My family has been a Le Creuset family for as long as I can remember. It’s just something that we all have had on sitting on the range and gifted one another for years and years. I recently got my first Staub dutch oven (after finding a great deal on it) and wanted to put down my thoughts about it.
Staub Dutch Oven Sizes
The most common Staub is the 4 quart round cocotte. This is good for small soups and beans, plus some sautéing. It’s small enough to work for boiling eggs or making hot chocolate, but too small for boiling pasta.
If sizes makes a difference for you, here are the size specifications…
- 4 quart: 9.5 inches in diameter, 12 inches wide with handles, 6 inches tall
- 5 quart: 10.2 inches in diameter, 13 inches wide with handles, 6.5 inches tall
- 7 quart: 13 inches in diameter, 15.5 inches wide with handles, 7 inches tall
Why Buy A Staub
There are so many good enamel-coated cast iron pots and cocottes on the market, so why go with a Staub? The Staub design does have a few clear advantages.
First of all, the Staub is made in French and owned by the German Zwilling Group. Both brands are known for their quality and excellent standards. You are starting off from a very good point with these.
Next, the Staub design has a very tight-fitting lid. This means liquid loss is minimized and you won’t be left with burnt rice or dried-out stew. The tight lid is capitalized on the little spiked stalactites that hang from the top of the lid. These get condensation and have it drop down, equally distributed over your whole dish. No other brand does this.
A major advantage of Staub (but that isn’t unique to Staub) is that the interior of their enamel goods are a tough black enamel. This matte enamel is less prone damage, scratches are not visible (the way they are on Le Creuset), and it’s better at browning than a lighter color.
Staub items are known for going on big sales around the holidays so while the price seems high, you can get great deals on them. Sometimes the price of a small Staub, like the 4 qt. round will drop down to $99 for a special deal.
And, finally, there is the rooster knob. No other cookware brand can match the this wonderful little ornament. You might want to get one for this feature alone.
Why Not To Buy A Staub
While Staubs are great, they aren’t for everyone. First of all, they do go on sale, but they are expensive. If you are price sensitive or on a budget, or simply don’t care to spend a lot on cookware then you can find much cheaper (and still very good) cookware from a brand like Lodge.

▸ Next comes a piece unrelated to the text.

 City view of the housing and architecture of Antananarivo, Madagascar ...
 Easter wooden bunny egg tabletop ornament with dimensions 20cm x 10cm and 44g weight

It might seem minor, but Staub’s color selection isn’t as strong as Le Creuset’s. The Le Creuset brand makes excellent cookware plus, let’s face it, their color game is strong. Staub has a really good looking matte black and handsome red, but nothing to match Le Creuset’s iconic flame color or its time-limited colors.
Staub pots are also heavier than their competition. The squared-off shoulders of the lid and heavy-duty based are great for looks and sturdiness, but expect a extra half-pound or so with a Staub. It might not seem like a lot, but it adds up when you are handwashing. It’s especially true when you are trying to wash around each and every one of the little spikes on the underside of that hefty lid.
The Black Interior
One of the defining features of the Staub is the black enamel on the inside of the pot. This makes it better at browning meat and it makes the the inside less prone to scratching when you accidentally use metal utensil with your enamel (don’t do that!), but there are downsides too.
The rough inside enamel is harder to clean than the glass-smooth enamel of a Lodge or Le Creuset. The roughness gives cook-on milk and other foods something to grab on to, so you really need to soak things before you clean.
Also the black interior means seeing food get color is that much harder. It’s easy to contrast the color of a perfectly cooked chicken or pork to the light tan of a typical enamel cocotte, but much harder against the pitch black of the Staub.
Staub cast iron enamel pots carry a 30-year warranty for home use. It’s basically a lifetime warranty so long as you properly use the item and you follow the rules of how to properly use enamel cookware. The warranty is fair and more than sufficient, but it’s not as good as some of the competition.
Despite decades of Le Creseut use, I’ve become a big fan of my Staub pots. I always avoided mixed sets, but now I’ve embraced that I prefer my Le Creuset for some dishes, but my Staub for as many, if no more. Highly recommended.